Emeril's Guide to Basic Cooking for Kids

Rolling dough
Place the dough on a lightly floured surface and sprinkle the top with flour. Using a rolling pin, roll while pressing down on the dough. Begin by rolling front to back, then switch directions and roll side to side. If the rolling pin sticks, sprinkle a little more flour. Continue rolling until the dough is the desired size and thickness.

Greasing a pan
Greasing helps keep baked goods from sticking to the pan. It's easy to do this with your hands, but if you don't want to get stuff all over them, then try using a paper towel to spread the shortening or oil. Just make sure you don't miss any spots!


Measuring thickness of dough
Until you have a lot of practice with this, it's a good idea to keep a ruler handy. This is an easy way to see if you've rolled your dough out to the correct thickness.

Kneading dough
Place the dough on a lightly floured surface. Use one hand to firmly press into one side of the dough. Pick up the other side of the dough with your other hand and fold it over, again pressing into the dough. Pick up the opposite edge of the dough and do the same. Repeat this process for as long as instructed in the individual recipe directions. The dough should become smooth and elastic. If the dough gets sticky, sprinkle with a bit more flour.

Proofing yeast
This is a way of making sure the yeast is working! Let it sit for about 5 minutes in a warm liquid. If it's working, you will see lots of foam and little bubbles rise to the surface.

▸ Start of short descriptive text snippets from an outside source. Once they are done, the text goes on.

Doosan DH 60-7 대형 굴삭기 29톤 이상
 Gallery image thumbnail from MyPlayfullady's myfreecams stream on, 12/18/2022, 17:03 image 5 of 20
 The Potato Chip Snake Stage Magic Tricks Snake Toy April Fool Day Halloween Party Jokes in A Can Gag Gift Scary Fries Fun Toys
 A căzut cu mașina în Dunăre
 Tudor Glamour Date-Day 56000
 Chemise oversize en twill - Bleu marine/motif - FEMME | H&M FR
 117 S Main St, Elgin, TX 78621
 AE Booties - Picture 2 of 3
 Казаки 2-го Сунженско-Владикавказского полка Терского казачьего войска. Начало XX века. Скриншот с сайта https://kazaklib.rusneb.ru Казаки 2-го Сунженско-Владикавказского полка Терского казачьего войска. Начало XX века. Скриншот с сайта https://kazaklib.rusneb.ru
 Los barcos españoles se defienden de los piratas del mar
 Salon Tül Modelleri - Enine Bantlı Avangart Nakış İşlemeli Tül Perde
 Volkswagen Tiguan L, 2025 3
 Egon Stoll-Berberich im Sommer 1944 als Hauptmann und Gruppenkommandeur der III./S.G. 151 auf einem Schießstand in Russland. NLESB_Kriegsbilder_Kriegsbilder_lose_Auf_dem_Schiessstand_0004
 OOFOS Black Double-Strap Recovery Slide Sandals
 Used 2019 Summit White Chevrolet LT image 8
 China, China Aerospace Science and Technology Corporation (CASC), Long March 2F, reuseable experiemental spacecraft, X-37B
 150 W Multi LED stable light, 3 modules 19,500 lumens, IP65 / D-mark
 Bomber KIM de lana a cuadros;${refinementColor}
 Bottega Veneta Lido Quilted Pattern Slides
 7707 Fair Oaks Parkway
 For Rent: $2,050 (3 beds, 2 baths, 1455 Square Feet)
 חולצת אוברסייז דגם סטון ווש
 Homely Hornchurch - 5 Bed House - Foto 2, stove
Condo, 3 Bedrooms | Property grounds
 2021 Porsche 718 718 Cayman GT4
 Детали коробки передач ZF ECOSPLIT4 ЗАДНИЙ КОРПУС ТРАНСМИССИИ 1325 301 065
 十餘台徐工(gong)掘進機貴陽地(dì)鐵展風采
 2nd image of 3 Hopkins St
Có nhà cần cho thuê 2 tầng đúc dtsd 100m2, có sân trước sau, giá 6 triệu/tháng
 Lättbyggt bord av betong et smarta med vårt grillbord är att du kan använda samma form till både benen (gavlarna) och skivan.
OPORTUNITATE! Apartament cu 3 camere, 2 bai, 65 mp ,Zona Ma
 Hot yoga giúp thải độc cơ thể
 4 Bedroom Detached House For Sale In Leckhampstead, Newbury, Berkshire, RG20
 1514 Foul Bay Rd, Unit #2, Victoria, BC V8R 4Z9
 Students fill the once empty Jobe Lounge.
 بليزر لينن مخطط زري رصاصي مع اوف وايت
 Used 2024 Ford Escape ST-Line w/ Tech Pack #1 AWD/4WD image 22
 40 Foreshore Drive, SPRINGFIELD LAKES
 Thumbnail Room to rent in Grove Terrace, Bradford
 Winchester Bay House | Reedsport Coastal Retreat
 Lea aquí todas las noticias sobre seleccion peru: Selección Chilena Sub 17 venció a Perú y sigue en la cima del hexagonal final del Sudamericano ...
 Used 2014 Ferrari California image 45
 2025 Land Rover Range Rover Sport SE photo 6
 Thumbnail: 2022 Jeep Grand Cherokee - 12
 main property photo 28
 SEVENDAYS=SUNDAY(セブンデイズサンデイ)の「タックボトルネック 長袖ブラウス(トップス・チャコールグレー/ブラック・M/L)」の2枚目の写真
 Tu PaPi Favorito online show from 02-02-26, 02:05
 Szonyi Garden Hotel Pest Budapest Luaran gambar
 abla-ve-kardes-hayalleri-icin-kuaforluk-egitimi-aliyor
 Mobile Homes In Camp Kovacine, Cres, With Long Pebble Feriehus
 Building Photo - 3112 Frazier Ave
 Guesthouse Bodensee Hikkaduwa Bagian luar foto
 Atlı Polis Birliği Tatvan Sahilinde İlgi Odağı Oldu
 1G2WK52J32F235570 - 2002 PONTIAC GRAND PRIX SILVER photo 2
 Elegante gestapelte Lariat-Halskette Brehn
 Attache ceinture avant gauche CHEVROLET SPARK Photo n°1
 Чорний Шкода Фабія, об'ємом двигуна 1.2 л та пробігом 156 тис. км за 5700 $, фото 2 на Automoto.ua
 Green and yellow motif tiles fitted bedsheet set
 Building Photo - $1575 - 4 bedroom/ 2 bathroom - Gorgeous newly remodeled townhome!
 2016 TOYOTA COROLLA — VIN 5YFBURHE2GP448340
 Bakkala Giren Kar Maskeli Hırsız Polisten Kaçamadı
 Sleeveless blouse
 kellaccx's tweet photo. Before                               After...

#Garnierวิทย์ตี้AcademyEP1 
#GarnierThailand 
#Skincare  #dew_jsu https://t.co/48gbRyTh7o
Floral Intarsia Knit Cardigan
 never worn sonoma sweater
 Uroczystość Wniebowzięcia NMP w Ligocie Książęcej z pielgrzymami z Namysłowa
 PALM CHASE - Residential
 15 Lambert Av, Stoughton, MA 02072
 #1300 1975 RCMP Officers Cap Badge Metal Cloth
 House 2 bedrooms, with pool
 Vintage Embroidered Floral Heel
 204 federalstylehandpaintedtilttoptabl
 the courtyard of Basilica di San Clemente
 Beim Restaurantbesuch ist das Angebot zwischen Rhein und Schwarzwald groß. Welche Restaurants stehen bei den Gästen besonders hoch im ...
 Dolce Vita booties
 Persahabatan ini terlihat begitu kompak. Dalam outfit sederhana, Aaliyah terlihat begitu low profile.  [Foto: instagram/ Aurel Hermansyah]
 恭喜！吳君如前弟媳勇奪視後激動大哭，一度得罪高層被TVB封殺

Melting chocolate in a double boiler
Fill the bottom of a double boiler with about 2 inches of water. Insert the top of the double boiler and place the chocolate in it. Set on the stovetop and simmer on low heat, stirring occasionally until the chocolate is melted. If you don't have a double boiler, you can use a medium saucepan for the bottom part and a metal bowl large enough to sit on top of the saucepan without touching the water at the bottom.

Testing the heat of a pan
You can test the heat of a pan by dropping a teaspoon of water in it. The pan is hot enough to cook in when the water "dances" into drops across the bottom.


Testing with toothpicks
This is an easy trick! Insert a toothpick into the center of a cake -- if it comes out clean when you pull it out, the cake is done. If you can see gooey stuff or bits of crumbs sticking to it, then it needs a bit more cooking time.

Thermometer usage
Some recipes suggest using an instant-read thermometer when things need to be at a certain temperature. Though this is not always necessary, a thermometer does help you make sure that things are cooked enough. Thermometers also help when cooking with yeast, because you usually need to add warm water or other liquid to it in order for it to start working. A thermometer will tell you if the liquid is too hot or too cold. (If you use a thermometer, make sure that it is inserted far enough into whatever you're testing so that you get a true temperature.)